▶ [Directions for this task]: The full listing, word for word and free of images, is the expected result.

Start of Input data

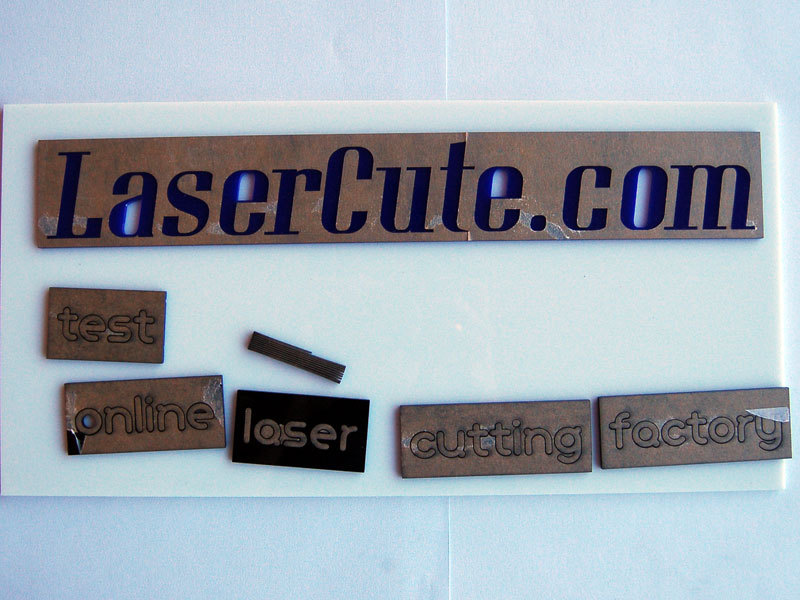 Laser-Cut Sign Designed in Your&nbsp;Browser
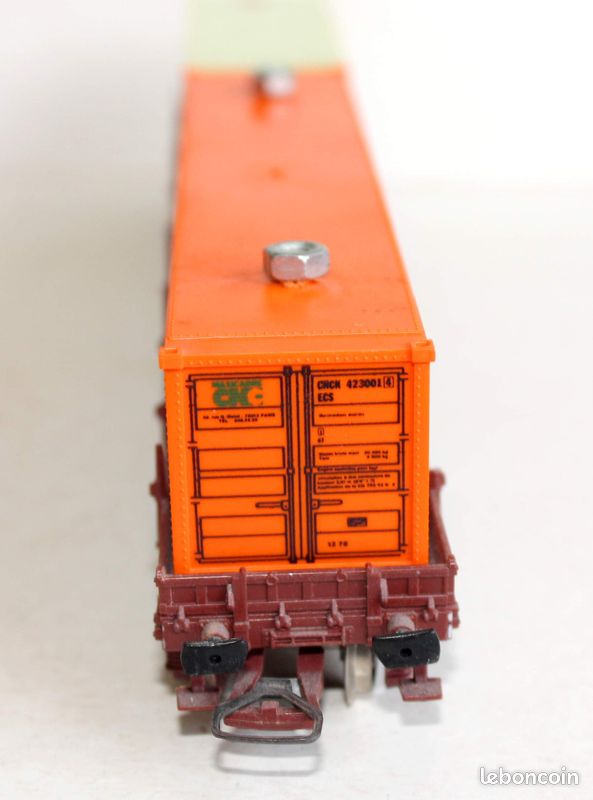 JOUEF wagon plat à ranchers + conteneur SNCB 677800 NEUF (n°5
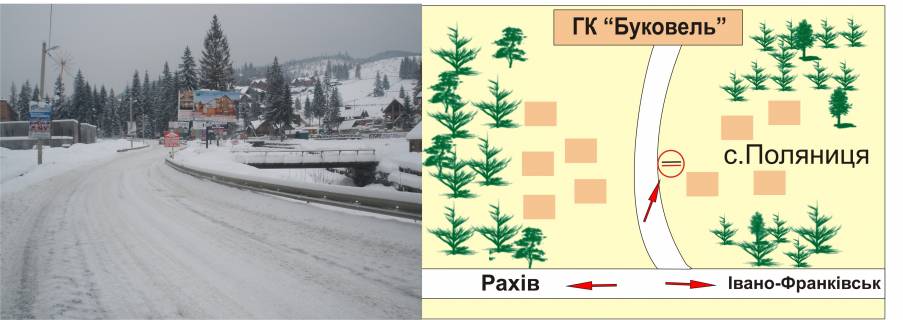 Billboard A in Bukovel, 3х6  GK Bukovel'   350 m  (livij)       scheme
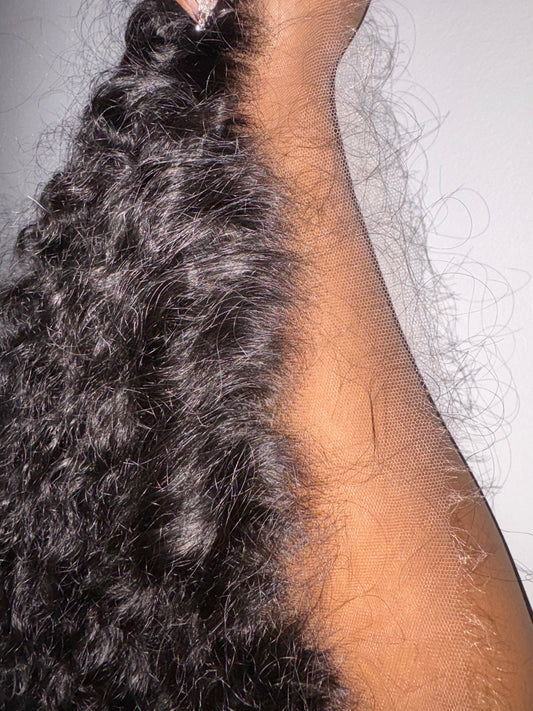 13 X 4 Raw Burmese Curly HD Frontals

End of Input data

▶ [Task solution]:
 Laser-Cut Sign Designed in Your&nbsp;Browser
 JOUEF wagon plat à ranchers + conteneur SNCB 677800 NEUF (n°5
 Billboard A in Bukovel, 3х6  GK Bukovel'   350 m  (livij)       scheme
 13 X 4 Raw Burmese Curly HD Frontals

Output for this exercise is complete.